А что если это уже не волюблённость, а настоящее зрелое чувство?
— Да, но она выйдет. Один танец подарит Эдмунду Дееву, — она делает знак, чтобы я нагнулся к ней и шепчет в ухо. — Ему двадцать девять, отец в десятки списка Форбс по нашей стране, отличная партия для нашей девочки.
Тамара ведёт бровями.
— А где он? — улыбаюсь я. — Чтобы знать и не опозориться.
Тамара смеётся, скармливает мне канапе с оливкой.
— Синий пиджак, у него и глаза синие.
Она уходит. Я смотрю на низкорослого, тощего мужика. Одиннадцать лет разницы… Ни хрена себе Мудя захотел. Ангела себе решил приобрести за десятку списка Форбс…
Мне хреново. Мне так плохо, что улыбка натянутая держится с трудом. Иду через толпу к отцу.
Они же поняли, что мы с Гелей любим друг друга. У нас только отношения выстраиваются…
Они же знают! Или не знают? Думают, что мы враждуем? Тогда понятно, что специально подыскивают жениха.
Отец удивлён, ведёт бровями.
— Познакомьтесь, мой сын Кирилл, — он представляет меня своим знакомым. Один из них наш сосед, Евстегнеев. Он косит на меня чёрным рыбьим глазом.
— Говорят ты весело отпраздновал поступление.
Лучше бы о дочери своей беспокоился. Но тут вопрос стоял в другом, меня хотят уколоть и колоться в ответ у меня сил не хватит. Дядя наверняка в курсе, что Ритка голая была и таскали её то в один угол, то в другой. Я не рискую сказать об этом.
— Да, — усмехаюсь я. — Действительно весело, но больше не повторится.
— Ты уверен? — насмехается надо мной отец.
— Я порох, я больше не подхожу к огню, — выдаю я, и мужики начинают одобрительно кивать головами.

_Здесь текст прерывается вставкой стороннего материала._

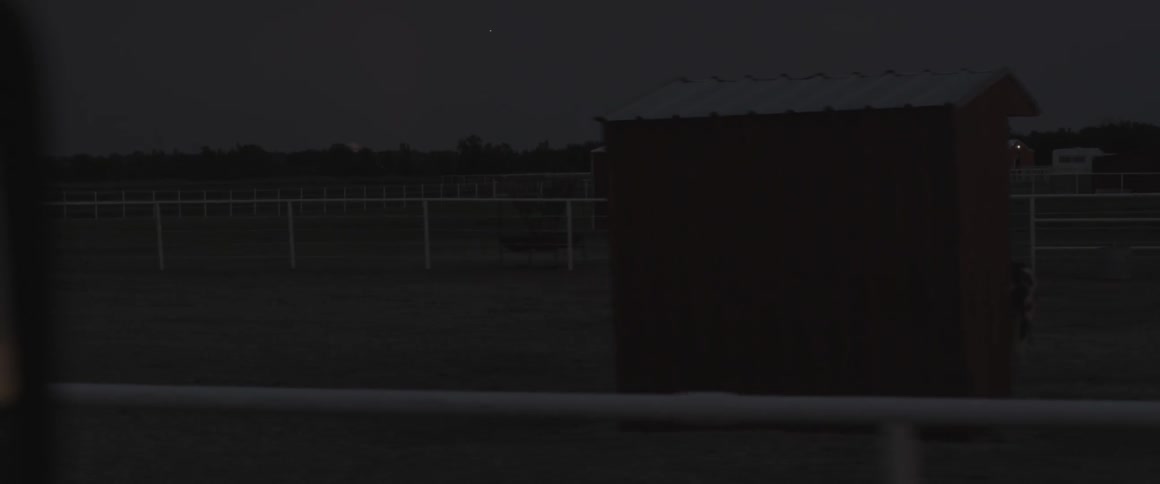 A car drives in a rural area at night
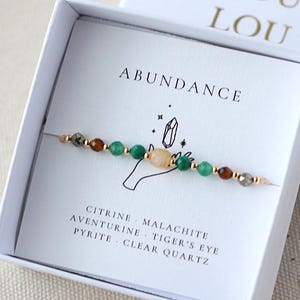 May include: A beaded bracelet featuring citrine, malachite, aventurine, tiger's eye, pyrite, and clear quartz beads on a string. The bracelet is presented in a white box labelled ABUNDANCE with the brand name LOU LOU printed on the lid.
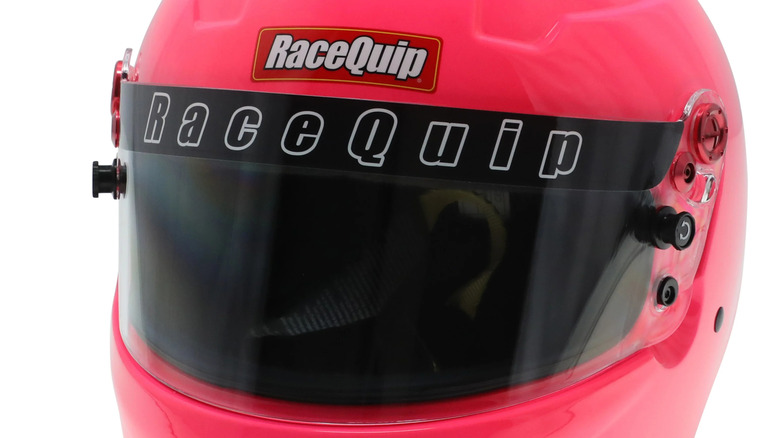Close-up of an SFI-certified RaceQuip youth full-face motorsports helmet in pink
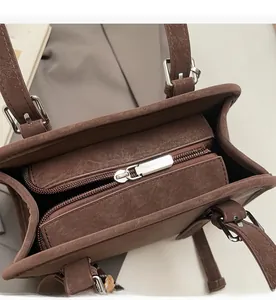 Detail view of smooth silver zipper closure and interior compartment of brown leather bag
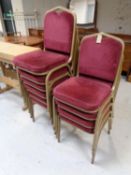 A set of ten metal framed stacking banqueting chairs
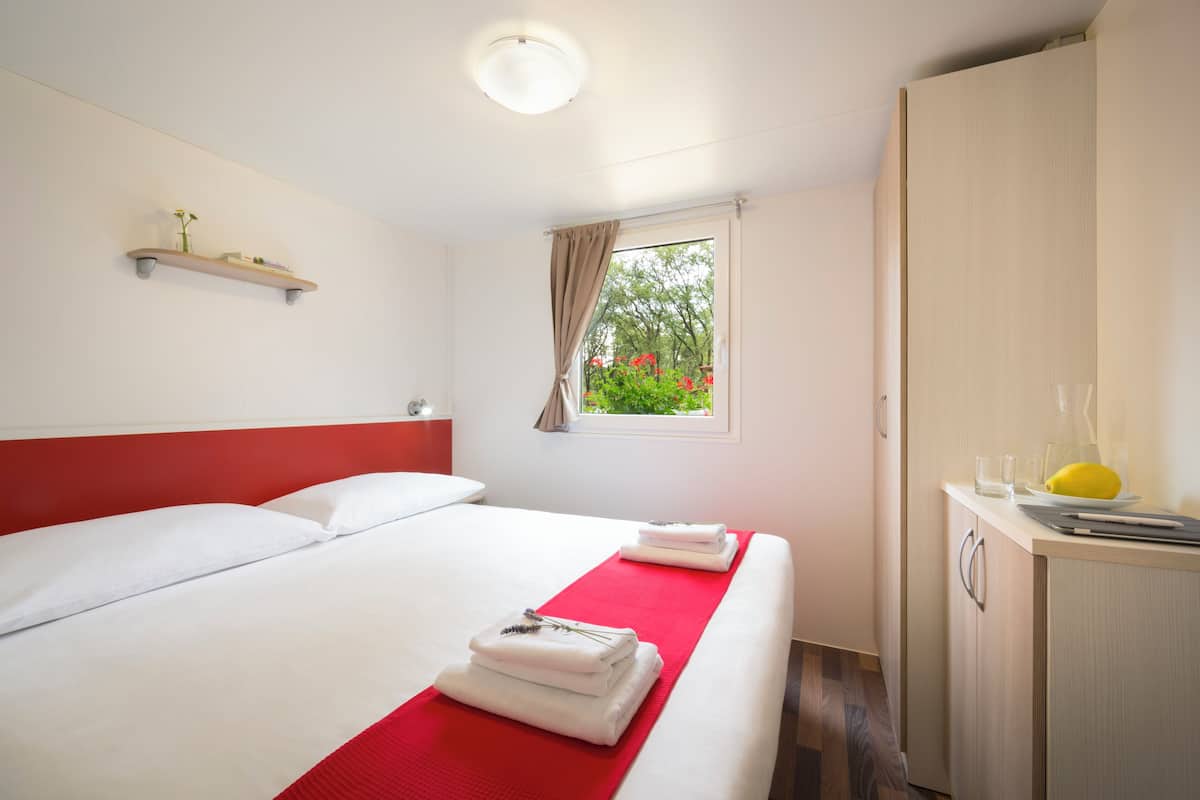 Un lit bien fait, avec du linge de lit blanc et des touches de rouge, une petite étagère ornée d’objets décoratifs et une fenêtre donnant sur un paysage verdoyant.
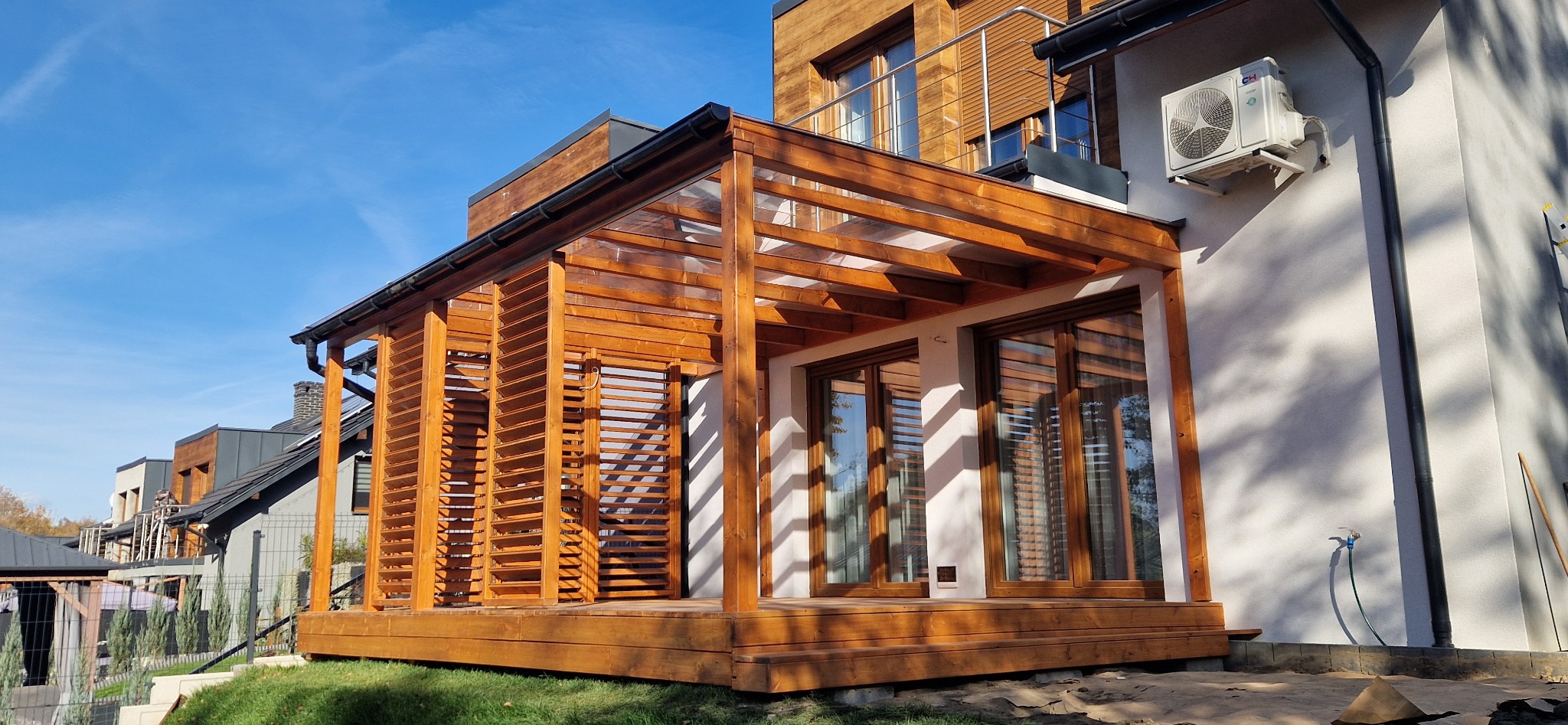Drewniana pergola z lamelami i przezroczystym zadaszeniem przylegająca do białego budynku z klimatyzatorem, widok na błękitne niebo.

— Кроме учёбы, чем занимаешься? — интересуется у же седой старик, внимательно меня рассматривая.
— Танцы, — вру я. — Спорт, — это уже от части правда. — Встретил Рината Мустаева сегодня в одном закрытом спортивном клубе, поэтому пришёл у отца спросить про строительство гостиницы.
— Мой сын, — сквозь одобрительное подвывание меня хлопает по плечу отец.
Мне нужен был этот тёплый взгляд в шесть лет, эти касания в детстве, но сейчас, я просто хочу перестать себя чувствовать отстоем. И он делает мне погоду, рассказывает о проекте, но без подробностей, о которых трепал Ринат, так в общем. Я улавливаю каждую деталь, я хочу быть в курсе того, чем занимается мой отец.